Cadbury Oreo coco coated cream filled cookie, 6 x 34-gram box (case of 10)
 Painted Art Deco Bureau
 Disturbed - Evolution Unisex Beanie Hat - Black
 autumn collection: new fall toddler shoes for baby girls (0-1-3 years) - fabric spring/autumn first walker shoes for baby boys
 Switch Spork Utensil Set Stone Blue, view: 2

+ + +

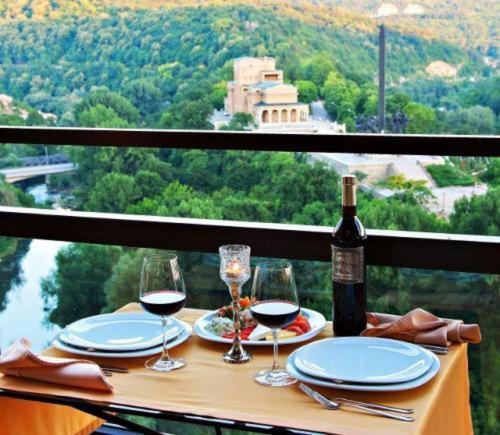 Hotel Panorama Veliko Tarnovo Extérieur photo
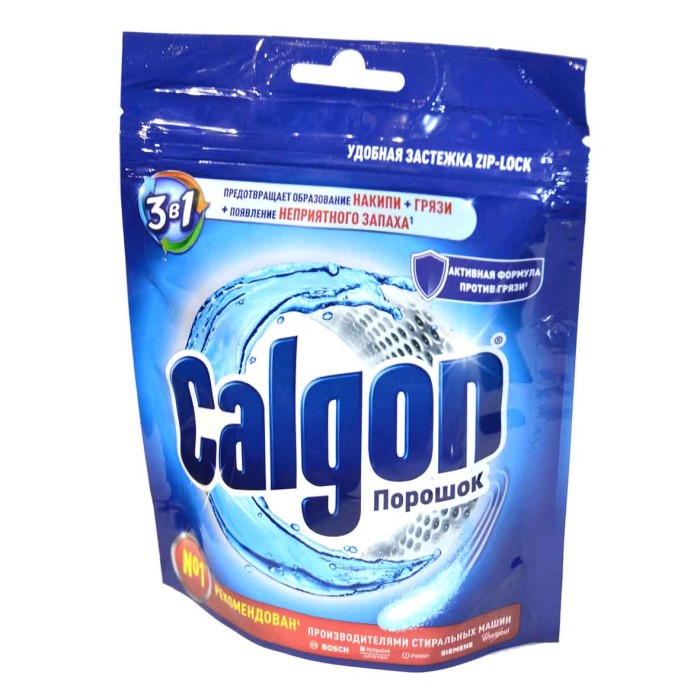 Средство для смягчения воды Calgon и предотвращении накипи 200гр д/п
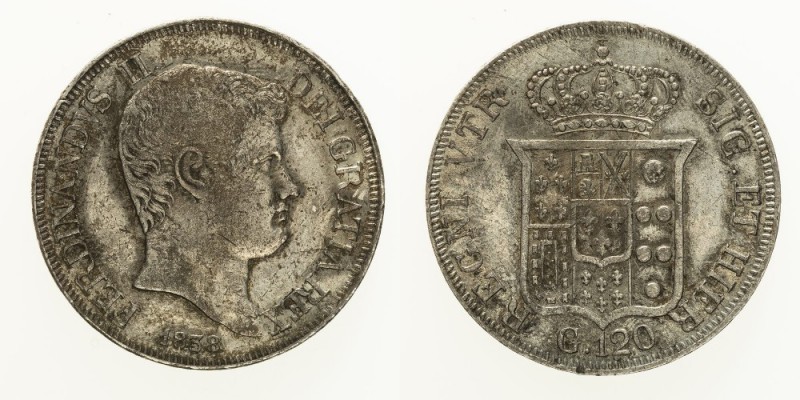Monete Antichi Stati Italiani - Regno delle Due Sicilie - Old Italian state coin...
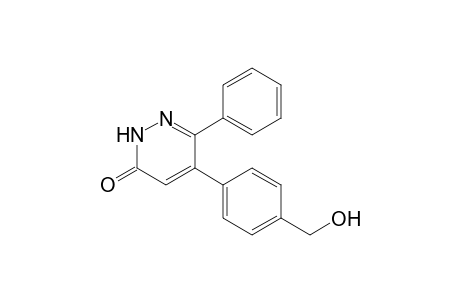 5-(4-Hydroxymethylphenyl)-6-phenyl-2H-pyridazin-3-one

+ + +

■ What needs to be done: From the records above, print only the lines between the one holding "Cadbury Oreo coco" and the one holding "Switch Spork Utensil Set Stone Blue, view: 2", inclusive, exactly as they stand.

■ Answer for the task:
Cadbury Oreo coco coated cream filled cookie, 6 x 34-gram box (case of 10)
 Painted Art Deco Bureau
 Disturbed - Evolution Unisex Beanie Hat - Black
 autumn collection: new fall toddler shoes for baby girls (0-1-3 years) - fabric spring/autumn first walker shoes for baby boys
 Switch Spork Utensil Set Stone Blue, view: 2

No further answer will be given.